Thinner Young Men Have More Sperm
This just in: obese young men have lower sperm counts in comparison with their peers who are of normal weight. This is according to a new study that was published in Fertility and Sterility. These findings help confirm a link between obesity and diminished quality in male sperm.
Several studies have found that in comparison with lean men, those men who are obese have a tendency toward lowered sperm counts, poor motility (sperm movement), and a smaller quantity of progressively motile sperm. The latter refers to sperm that move forward toward the egg target as opposed to wandering around in the reproductive tract in an aimless manner.
But until now, age is a factor that hadn't been much considered in this apparent link between sperm quality and obesity. It was known that older men have reduced sperm quality in comparison with younger men, and it was also known that older men tend to carry more body fat than their younger counterparts.

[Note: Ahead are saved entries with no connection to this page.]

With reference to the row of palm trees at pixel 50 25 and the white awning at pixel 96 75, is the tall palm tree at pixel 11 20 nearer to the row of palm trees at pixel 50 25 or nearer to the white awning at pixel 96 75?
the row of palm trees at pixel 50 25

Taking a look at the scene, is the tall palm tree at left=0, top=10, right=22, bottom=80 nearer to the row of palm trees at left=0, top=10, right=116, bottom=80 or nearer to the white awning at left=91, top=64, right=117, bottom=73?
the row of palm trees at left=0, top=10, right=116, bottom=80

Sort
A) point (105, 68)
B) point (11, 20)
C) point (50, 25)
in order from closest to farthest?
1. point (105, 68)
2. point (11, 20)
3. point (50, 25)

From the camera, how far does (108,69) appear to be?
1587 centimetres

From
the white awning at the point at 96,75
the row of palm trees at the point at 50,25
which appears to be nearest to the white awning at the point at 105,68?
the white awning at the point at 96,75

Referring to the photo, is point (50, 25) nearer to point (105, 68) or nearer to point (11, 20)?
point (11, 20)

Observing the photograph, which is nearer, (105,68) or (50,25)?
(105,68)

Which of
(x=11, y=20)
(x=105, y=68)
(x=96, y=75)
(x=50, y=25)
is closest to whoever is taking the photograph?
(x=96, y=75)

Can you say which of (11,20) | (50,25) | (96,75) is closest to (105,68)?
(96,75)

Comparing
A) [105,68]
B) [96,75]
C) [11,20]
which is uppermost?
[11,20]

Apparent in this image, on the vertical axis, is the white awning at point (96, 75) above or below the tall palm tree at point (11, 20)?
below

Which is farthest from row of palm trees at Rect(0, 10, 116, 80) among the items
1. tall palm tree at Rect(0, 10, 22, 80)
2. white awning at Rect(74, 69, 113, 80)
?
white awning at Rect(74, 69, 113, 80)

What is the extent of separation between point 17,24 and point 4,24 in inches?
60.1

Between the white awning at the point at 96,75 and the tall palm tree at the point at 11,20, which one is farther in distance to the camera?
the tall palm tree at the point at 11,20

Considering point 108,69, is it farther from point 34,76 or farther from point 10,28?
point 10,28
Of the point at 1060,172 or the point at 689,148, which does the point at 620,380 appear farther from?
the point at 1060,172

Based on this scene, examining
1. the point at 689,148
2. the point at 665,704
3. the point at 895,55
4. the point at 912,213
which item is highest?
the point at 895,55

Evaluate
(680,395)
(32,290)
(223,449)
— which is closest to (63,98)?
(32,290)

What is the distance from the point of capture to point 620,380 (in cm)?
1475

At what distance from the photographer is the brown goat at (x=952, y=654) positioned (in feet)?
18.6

In the new study, however, which included 2,000 male participants, the obese men aged 20-30 had lower sperm counts when compared to their peers of normal weight. The implications of this observation on the future fertility of younger obese men, has not been clarified. Even those studies concentrating on the effects of obesity on sperm quality in older men have had conflicting results as to whether being obese impairs a man's fertility.
Lead author of this study, Germany's Uwe Paasch, of the University of Leipzig comments that even his new findings don't really tell us whether the differences in sperm count between normal-weight and obese men will absolutely have an impact on their fertility.
In Paasch's study, Paasch and colleagues availed themselves of information contained in a database on men who had received semen analyses from 1999-2005. The 2,157 participants had an average age of 30 years and none had known issues of infertility.
While the obese men tended to have lower average sperm counts than their normal-weight peers, these sperm counts were still within normal range. According to the National Institutes of Health, normal sperm counts are anywhere from 20 to150 million for each milliliter of semen.
While Paasch doesn't know if obesity in men, even in young men, will cause fertility problems, he believes his research conclusions might persuade young men to change their habits and bring their weight down to normal levels.